Starting at the line that contains "In einer Spielbank dreht sich das Roulette. In", write out every line to the end of the records below exactly, and leave out the pictures.

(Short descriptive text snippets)
——————

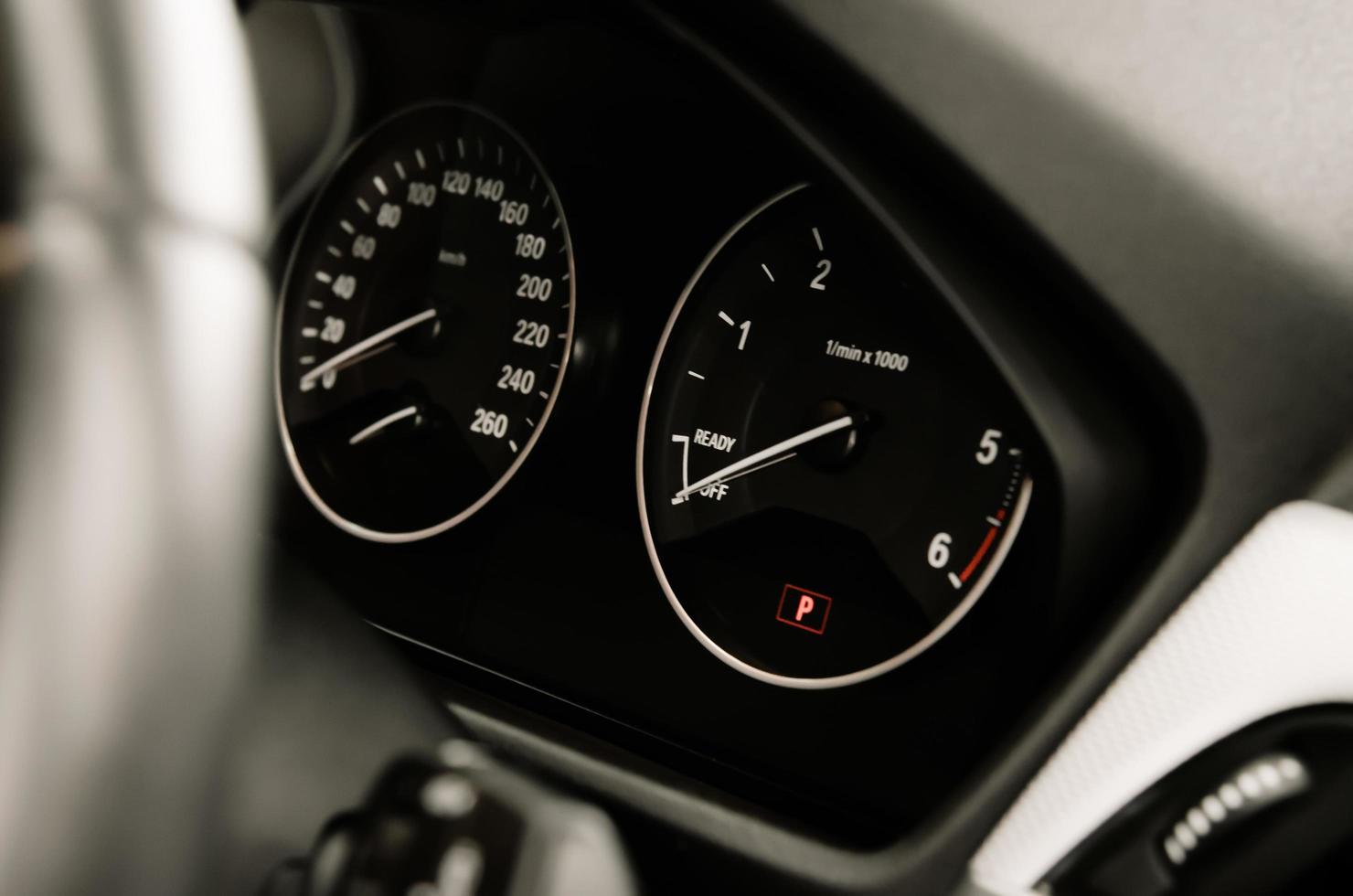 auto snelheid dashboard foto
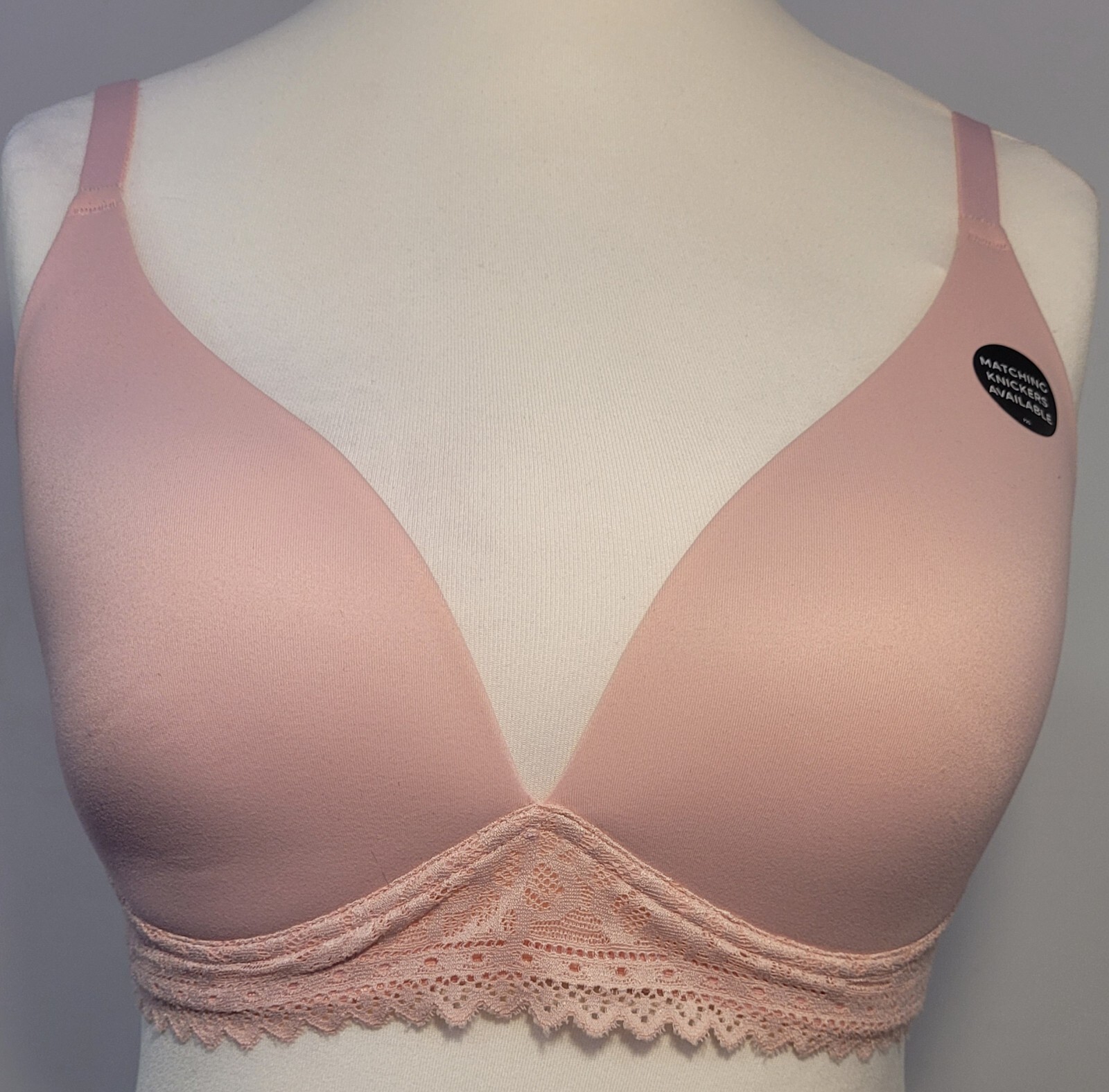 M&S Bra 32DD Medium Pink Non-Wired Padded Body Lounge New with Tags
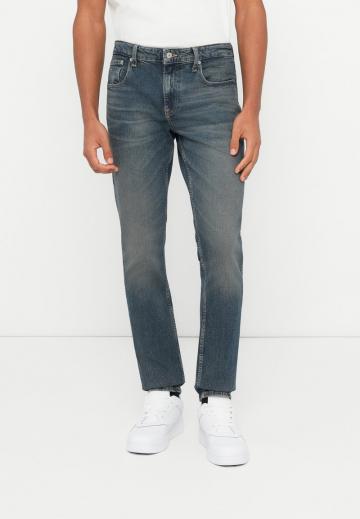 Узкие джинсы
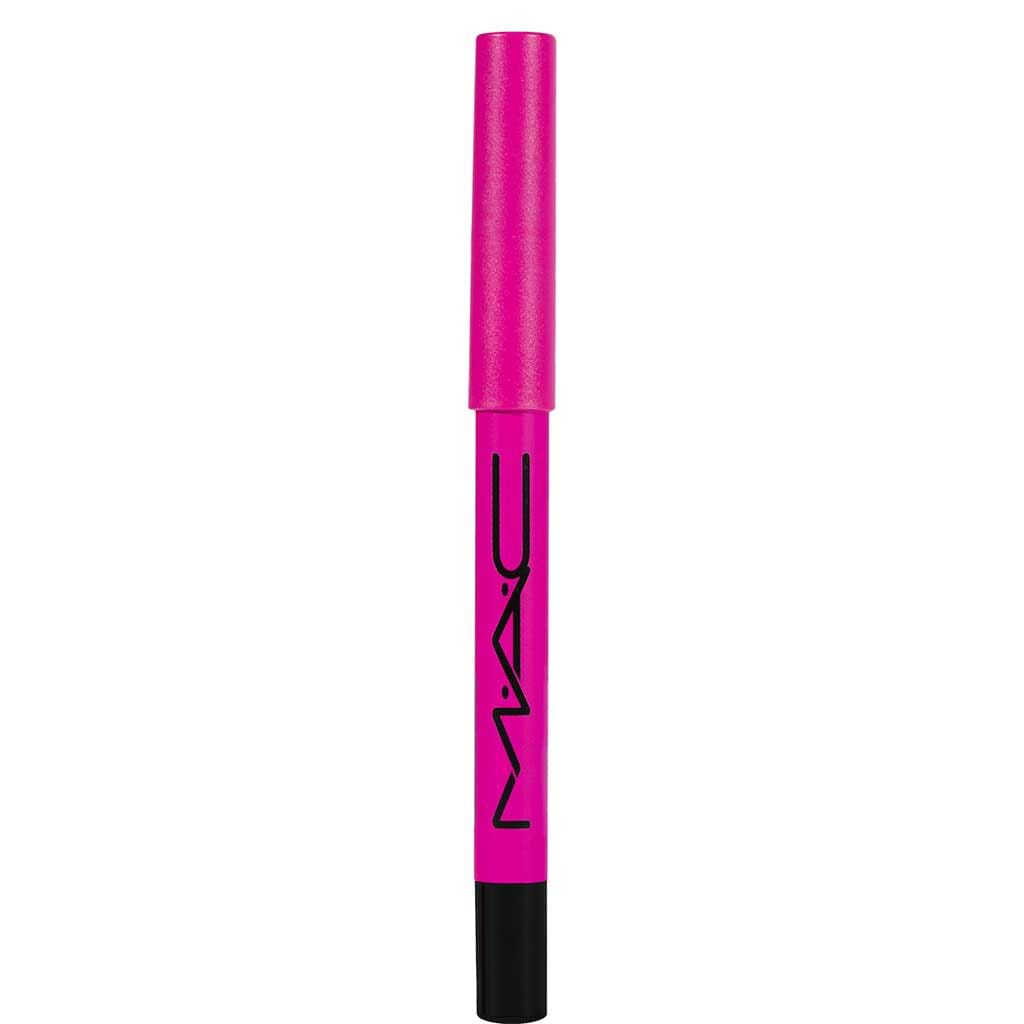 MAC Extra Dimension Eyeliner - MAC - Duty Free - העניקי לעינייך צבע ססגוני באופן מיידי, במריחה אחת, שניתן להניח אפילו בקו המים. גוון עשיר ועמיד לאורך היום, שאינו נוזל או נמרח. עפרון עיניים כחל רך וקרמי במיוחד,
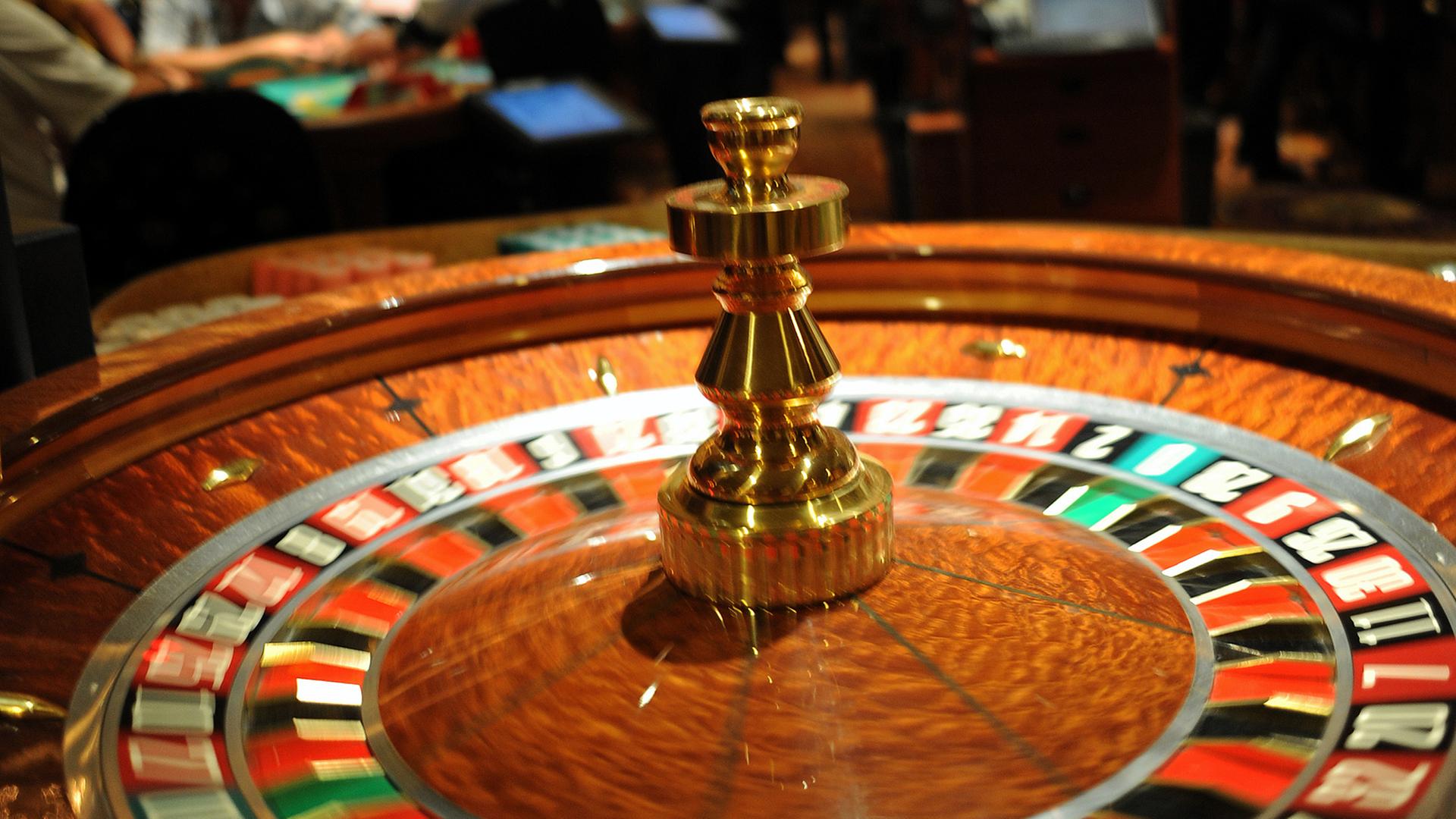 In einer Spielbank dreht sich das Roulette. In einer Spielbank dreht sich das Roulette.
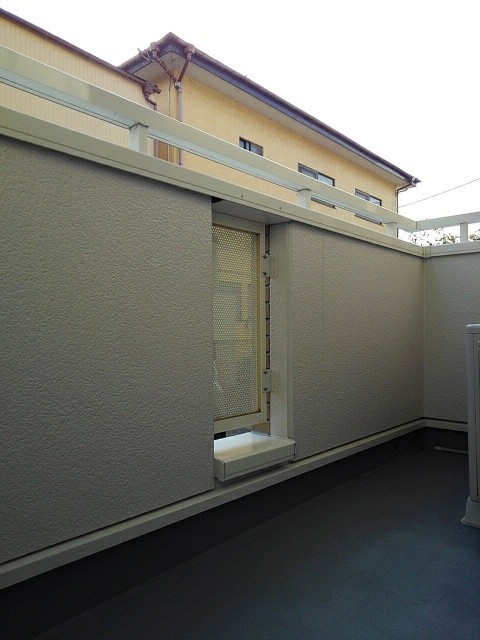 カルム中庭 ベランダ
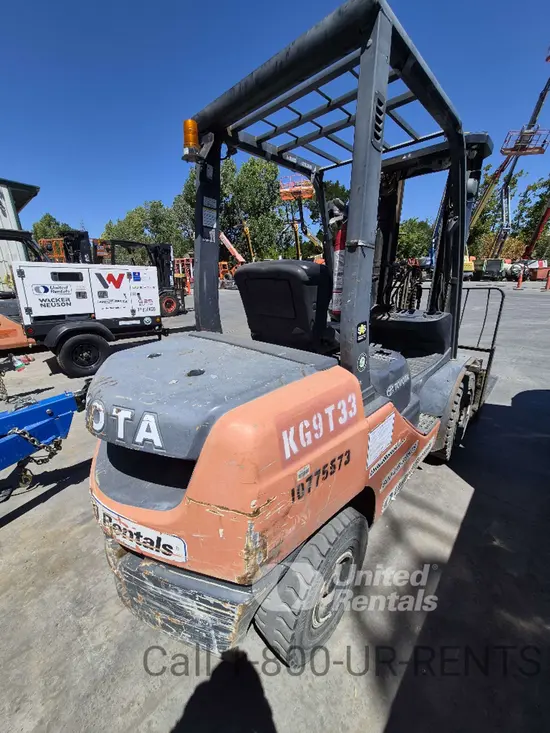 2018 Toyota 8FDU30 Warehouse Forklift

——————

▶ **Answer box**
 In einer Spielbank dreht sich das Roulette. In einer Spielbank dreht sich das Roulette.
 カルム中庭 ベランダ
 2018 Toyota 8FDU30 Warehouse Forklift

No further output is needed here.